Foi em Alba, no norte da Itália, entre 31 de dezembro de 1900 e 10 de janeiro de 1901 que o adolescente Tiago Alberione, de 16 anos, viveu uma extraordinária experiência mística. Na Catedral de Alba,fiéis rezavam por um novo século, e o jovem seminarista fazia o mesmo. Só que foi além: adentrou no que ele chamaria, anos depois, de Noite Luminosa. “Senti-me obrigado a fazer algo pelas pessoas do novo século”, escreveu em seus apontamentos. Formava-se ali, no rapaz, a intuição de fundar uma sociedade religiosa que tivesse a missão de pregar a Palavra de Deus com todos os meios de comunicação disponíveis, cujo inspirador seria o apóstolo Paulo.

Como em toda obra divina proposta aos homens, percalços precisaram ser vencidos, como a incompreensão de quem não enxergava na imprensa uma seara adequada para a Igreja e as próprias dificuldades naturais. Entre 1901 e 1902, por exemplo, Tiago necessitou sobrepujar problemas pessoais, como sua saúde precária, e familiares, como a morte do pai. Mas, finalmente, o jovem recebeu a batina em 1902, quando começou a cursar Teologia. A ordenação sacerdotal viria aos 23 anos, em 1907, na mesma Catedral de Alba. No ano seguinte, formou-se em Teologia no Colégio Santo Tomás de Aquino, em Gênova.

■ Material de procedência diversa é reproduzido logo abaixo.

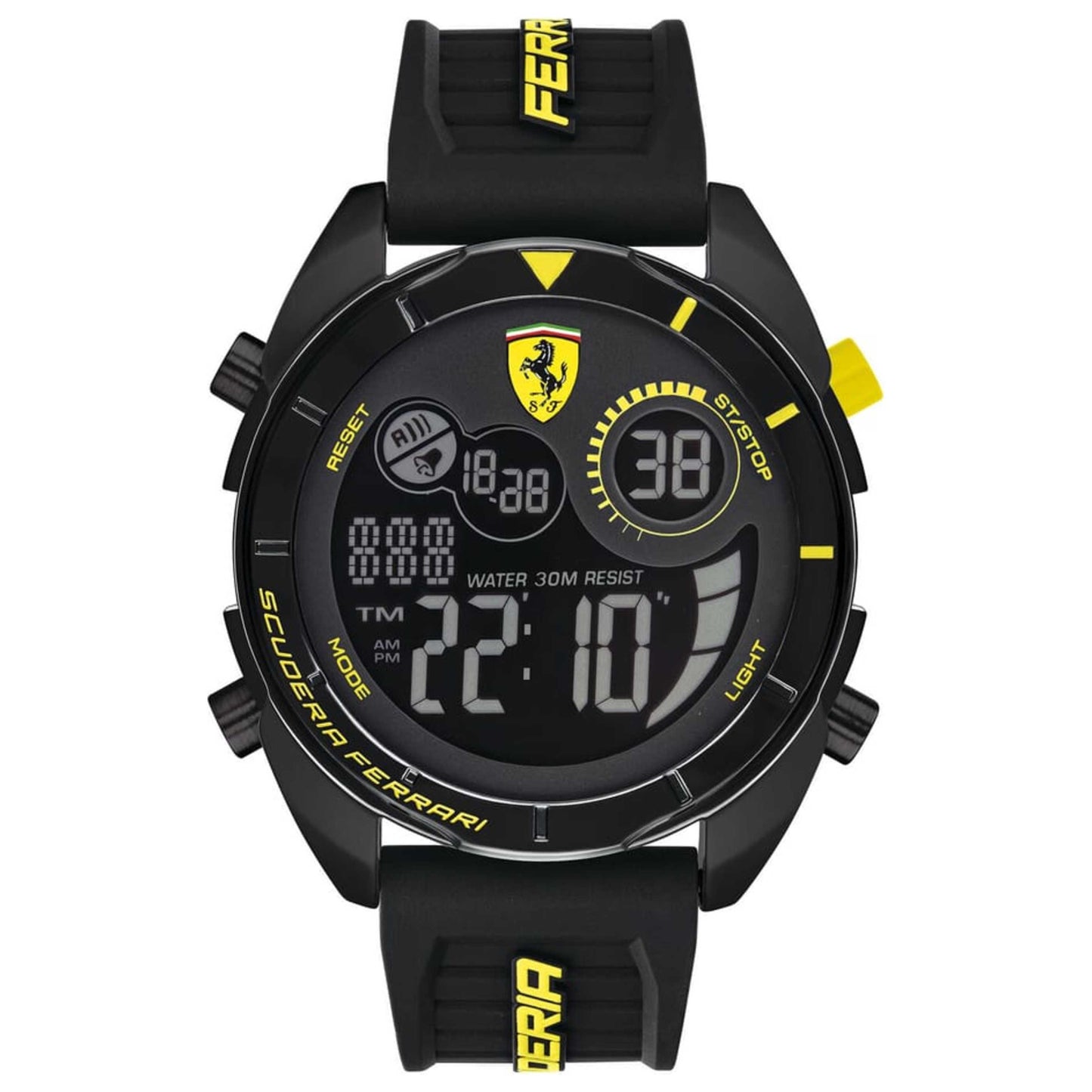 Front view of Scuderia Ferrari Forza Men's Quartz Watch 0830744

Casualidade – Com mais autonomia, começou a pôr em prática o projeto de Deus. Teve as primeiras experiências como membro da Comissão Diocesana da Boa Imprensa (1911), diretor da Gazzetta d’Alba (1913) e delegado da Obra Nacional da Boa Imprensa (1915). Lançou livros como A bem-aventurada Virgem das Graças em Cherasco (1912) e A mulher associada ao ministério do sacerdote (1915). Entre uma e outra publicação, em 1914, fundou uma congregação dedicada ao apostolado da imprensa: a Pia Sociedade de São Paulo, com irmãos e padres. Mas faltava algo para o visionário, que, como uma de suas obras antecipava, via as mulheres como protagonistas e não coadjuvantes.
Em 15 de junho de 1915, padre Tiago Alberione abriu o Laboratório Feminino, na Praça Cherasca, em Alba. Este ato marcou a data do nascimento das Filhas de São Paulo, Irmãs Paulinas. Ângela Boffi foi a primeira jovem a aderir a essa iniciativa.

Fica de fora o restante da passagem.